• _Data section_:
☆ ☆ ☆

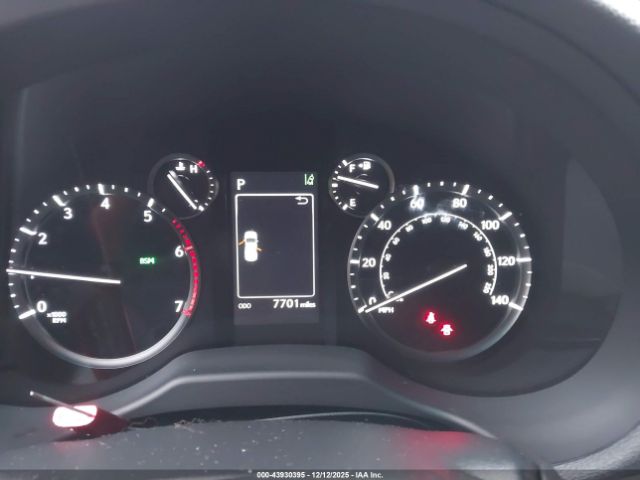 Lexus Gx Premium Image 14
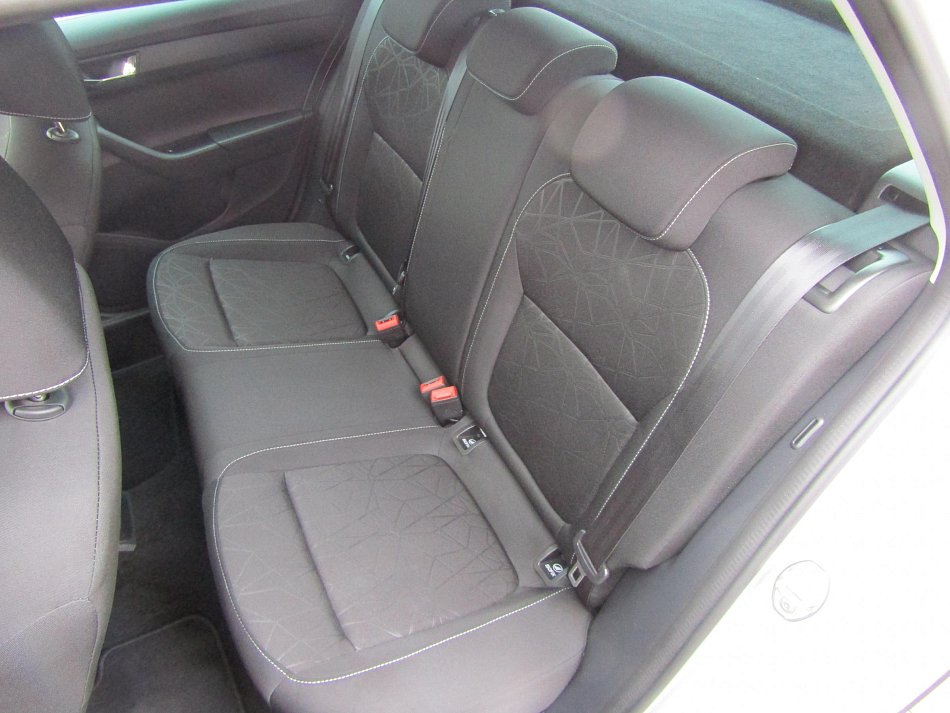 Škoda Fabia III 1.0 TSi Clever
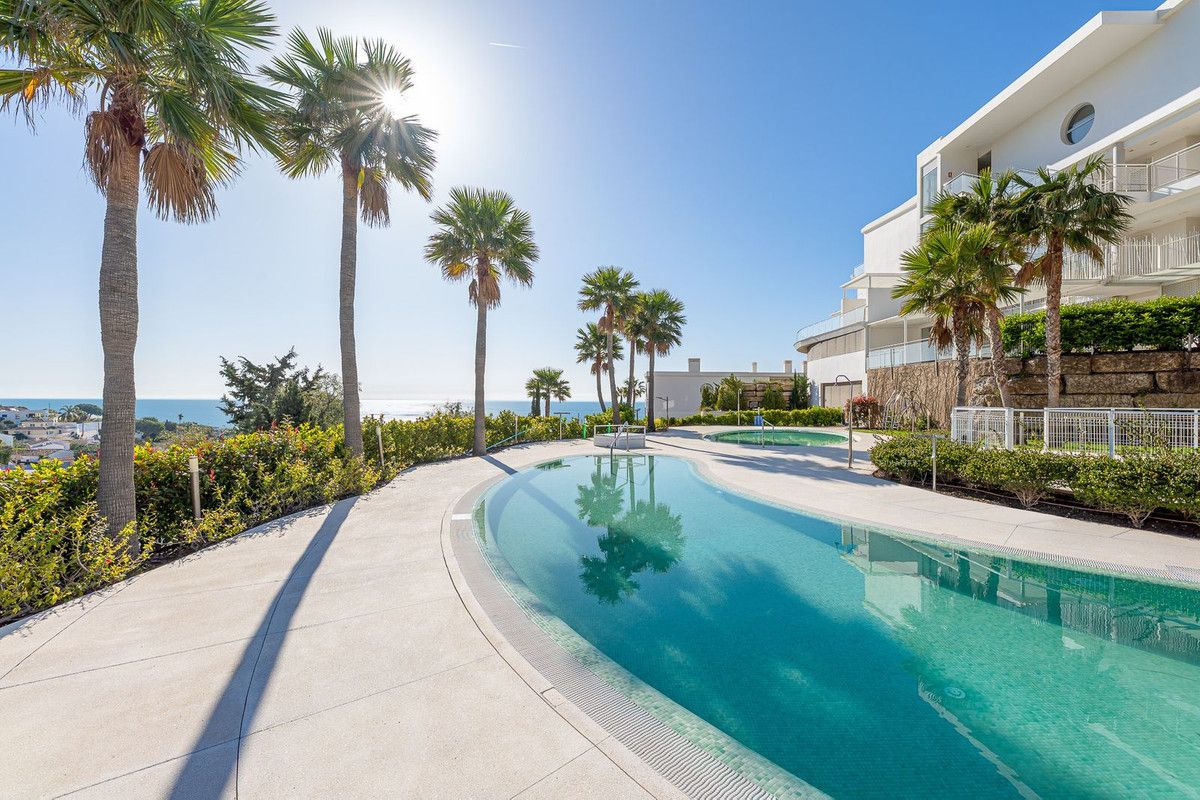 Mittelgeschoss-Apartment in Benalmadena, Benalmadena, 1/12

☆ ☆ ☆

• _Exercise brief_: An exact copy of the material above is required, free of any pictures.

• _Problem solution_:
 Lexus Gx Premium Image 14
 Škoda Fabia III 1.0 TSi Clever
 Mittelgeschoss-Apartment in Benalmadena, Benalmadena, 1/12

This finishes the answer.